Communicating with parents is an important part of teaching. When students don’t complete homework, miss due dates or are not using class time effectively we will usually approach parents to inform them and discuss solutions. Often we do this after the problem has occurred. Implementing effective regular communication processes with parents may help avoid or minimise these problems.

The benefits of communicating regularly with parents are:

  • It allows for parents, students and teachers to be on the same page. Students will struggle with the, “I have no homework” statement when parents know what has been set for homework or when the next due date is coming up.
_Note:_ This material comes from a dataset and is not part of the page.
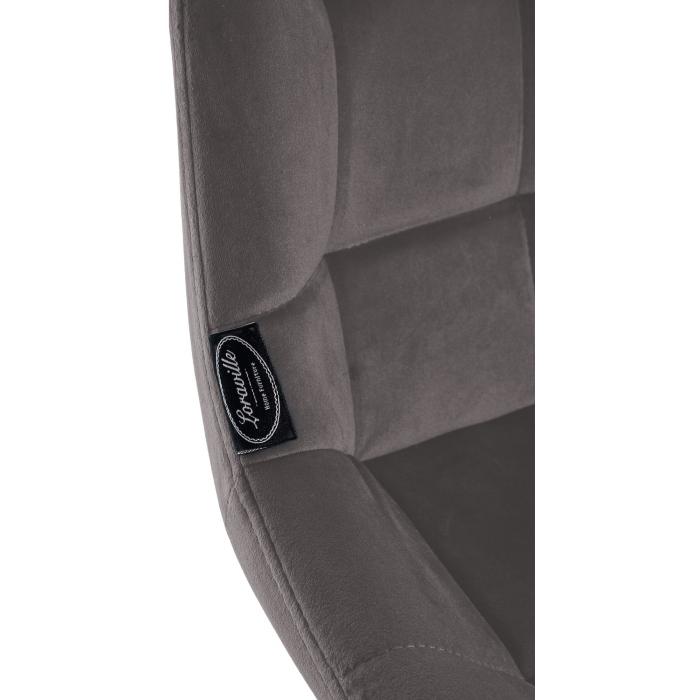 Barhocker HLO-CP336 Schwenkbar Samt ~ grau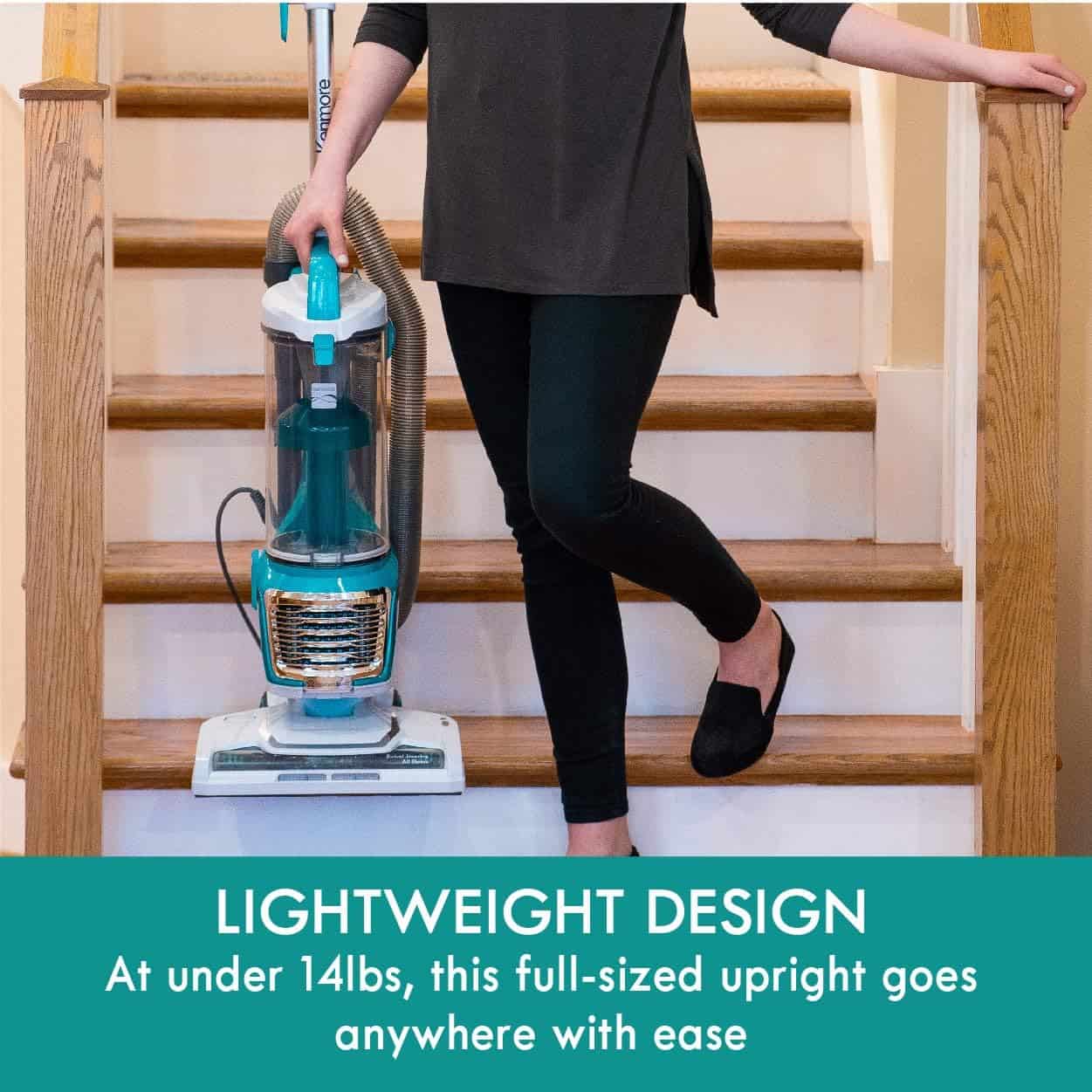 Kenmore DU2012 Bagless Upright Vacuum 2-Motor Power Suction Lightweight Carpet Cleaner, Green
Making expectations clear to parents is a way of avoiding potential future conflict between students, parents and teachers.
  • Parents want to know what is happening in their child’s classroom and appreciate the time and effort made to keep them informed.
  • Increased communication is more likely to see the teacher receive support from the parent if an issue arises with their child.

It is up to teachers to implement communication processes that are workable for both the teacher and the parents over the long term. Processes need to be sustainable and work simply and easily once in place.

Examples of traditional methods for communicating with parents include:

  • Notes home in diaries/communication books.
  • Formal letters
  • Phone calls
  • Face to face meetings

Examples of less common methods for communicating with parents include:

  • Emails (email groups)
  • Messaging (create parent group contacts on your phone)
  • Edmodo (teacher creates a class group and invites parents using a code)
  • Twitter (create a class hashtag)
  • Facebook (create a Group and invite parents to join)
  • Blog (use Edublogs to create a class blog)

My belief is that there is a place for all of the above forms of communication and depends entirely on the situation faced by the teacher. Having said that I cannot go past the second list for ease of of use to regularly (daily/weekly) communicate with parents (and students). Most teachers have used the methods on the first list to communicate with parents but these are time consuming and not as efficient for daily or weekly communication.

The four that I think are the most effective for constant regular communication are group emails, group txt messaging, Facebook and blogs.

1. Group email – Collecting everyones email may take some time and effort but once set up is an easy way to communicate important information quickly and easily. Attach images, documents and links.

2. Group txt messaging – Like emails, collecting phone numbers may take a little time and effort (although the school should have almost all parent mobile numbers). Set up a group contact for use at any time (our phones are always with us). This is a bonus as we often think of things we should have reminded students/parents when we are away from our work spaces or a computer.

3. Facebook – Setting up a Facebook Group that is open to all students/parents in your class or maybe a separate group for parents and students is an effective way to communicate. The benefit of Facebook is that most parents use it. Post information regularly about upcoming due dates, events, images, links and documents.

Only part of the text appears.